# Asymptotics of a class of Markov processes which are not in general irreducible

recently I was reading the article

Asymptotics of a class of Markov processes which are not in general irreducible. Ann. Probab. 16, 3 (1988), 1333–1347.

by Bhattacharya, R. N., and Lee, O.

The authors consider the $$\leq$$ relation defined by: $$(x_1, \ldots, x_n)\leq (a_1, \dots a_n)~\text{iff}~x_1\leq a_1, \ldots, x_n\leq a_n.$$ I was reading the proof of Theorem 3.1, and I'm stuck in the conclusion at the end of the equation (3.5). It seems to me that the authors are using the fact that

$$\{{y\leq x_{0}\}}\cup \{{y>x_{0}\}}=\mathbb{R}^n$$ is the whole space, which is not true for $$n\geq 2$$. As an example, for $$n=2$$, $$\{(x,y)\leq (0,0)\}$$ equals the first quadrant and $$\{(x,y)> (0,0)\}$$ equals the third quadrant.
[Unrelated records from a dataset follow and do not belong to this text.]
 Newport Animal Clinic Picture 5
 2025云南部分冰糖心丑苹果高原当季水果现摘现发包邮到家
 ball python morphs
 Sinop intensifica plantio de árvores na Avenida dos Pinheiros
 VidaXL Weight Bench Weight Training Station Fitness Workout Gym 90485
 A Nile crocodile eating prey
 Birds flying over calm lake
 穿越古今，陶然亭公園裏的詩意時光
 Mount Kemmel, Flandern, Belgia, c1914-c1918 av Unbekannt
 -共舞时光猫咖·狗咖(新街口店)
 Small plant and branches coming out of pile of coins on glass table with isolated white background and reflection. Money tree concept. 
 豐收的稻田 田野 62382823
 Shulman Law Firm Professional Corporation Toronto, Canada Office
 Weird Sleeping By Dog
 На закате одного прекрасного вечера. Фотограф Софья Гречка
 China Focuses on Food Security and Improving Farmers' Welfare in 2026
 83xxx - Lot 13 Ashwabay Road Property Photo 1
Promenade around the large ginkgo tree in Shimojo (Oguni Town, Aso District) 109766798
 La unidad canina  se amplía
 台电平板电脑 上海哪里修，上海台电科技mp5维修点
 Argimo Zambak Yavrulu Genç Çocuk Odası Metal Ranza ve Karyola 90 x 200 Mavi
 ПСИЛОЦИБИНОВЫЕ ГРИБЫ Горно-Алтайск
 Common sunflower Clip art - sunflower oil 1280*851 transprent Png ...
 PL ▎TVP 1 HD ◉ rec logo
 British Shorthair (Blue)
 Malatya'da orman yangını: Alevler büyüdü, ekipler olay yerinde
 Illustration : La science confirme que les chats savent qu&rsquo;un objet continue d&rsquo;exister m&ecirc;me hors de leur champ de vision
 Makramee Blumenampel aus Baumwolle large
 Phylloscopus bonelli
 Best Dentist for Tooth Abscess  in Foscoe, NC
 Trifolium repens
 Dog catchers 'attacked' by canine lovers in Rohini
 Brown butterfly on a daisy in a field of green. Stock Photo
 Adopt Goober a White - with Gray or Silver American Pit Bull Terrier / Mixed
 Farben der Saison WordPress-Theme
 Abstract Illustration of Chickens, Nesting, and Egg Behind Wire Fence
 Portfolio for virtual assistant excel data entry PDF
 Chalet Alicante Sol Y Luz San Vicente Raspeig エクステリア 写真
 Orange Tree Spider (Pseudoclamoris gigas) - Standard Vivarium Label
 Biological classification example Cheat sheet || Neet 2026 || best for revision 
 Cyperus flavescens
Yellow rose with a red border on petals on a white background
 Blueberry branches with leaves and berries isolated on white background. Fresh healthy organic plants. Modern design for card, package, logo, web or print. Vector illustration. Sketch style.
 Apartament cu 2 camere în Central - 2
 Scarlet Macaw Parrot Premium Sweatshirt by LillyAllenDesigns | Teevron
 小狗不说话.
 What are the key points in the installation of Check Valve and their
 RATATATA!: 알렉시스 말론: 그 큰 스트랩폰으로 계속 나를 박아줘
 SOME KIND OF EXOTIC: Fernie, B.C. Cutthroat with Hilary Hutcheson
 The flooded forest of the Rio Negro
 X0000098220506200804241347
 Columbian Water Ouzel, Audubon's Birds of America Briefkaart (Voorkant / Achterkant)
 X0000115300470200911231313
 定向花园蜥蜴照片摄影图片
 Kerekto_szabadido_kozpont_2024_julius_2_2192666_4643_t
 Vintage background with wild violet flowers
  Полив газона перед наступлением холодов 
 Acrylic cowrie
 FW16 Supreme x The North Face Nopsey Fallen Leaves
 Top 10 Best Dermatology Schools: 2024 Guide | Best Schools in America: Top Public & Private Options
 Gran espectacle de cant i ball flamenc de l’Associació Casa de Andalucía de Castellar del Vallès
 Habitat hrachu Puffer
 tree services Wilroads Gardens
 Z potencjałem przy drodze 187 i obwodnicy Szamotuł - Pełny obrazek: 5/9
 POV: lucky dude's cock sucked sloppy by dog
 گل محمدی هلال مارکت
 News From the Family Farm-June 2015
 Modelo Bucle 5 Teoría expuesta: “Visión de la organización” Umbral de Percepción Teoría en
Obs 1: In the original paper the relation "$$\leq$$" is not clearly specified, however in this Corrigendum (of another part of the paper) the authors set the relation defined as above

It seems to me that the argument of the authors works for $$n=1$$ where $$\leq$$ is a total order. However for $$n\geq 2$$ we have the above reasoning. Has someone already attempt for this question? Has the authors another corrigendum?

From the assumptions however you visit infinitely many times the set $$\{y\leq x_0\}$$, say, and moreover the inter-return times have exponential tails. Now, consider the chain at those time. This is again a Markov chain, and has an invariant measure, call it $$\hat \pi$$. At these times you can deduce an invariance principle (by the method in the paper), and then one can interpolate from these times to all $$n$$ due to the exponential tails mentioned above (at least, this holds for bounded $$f$$).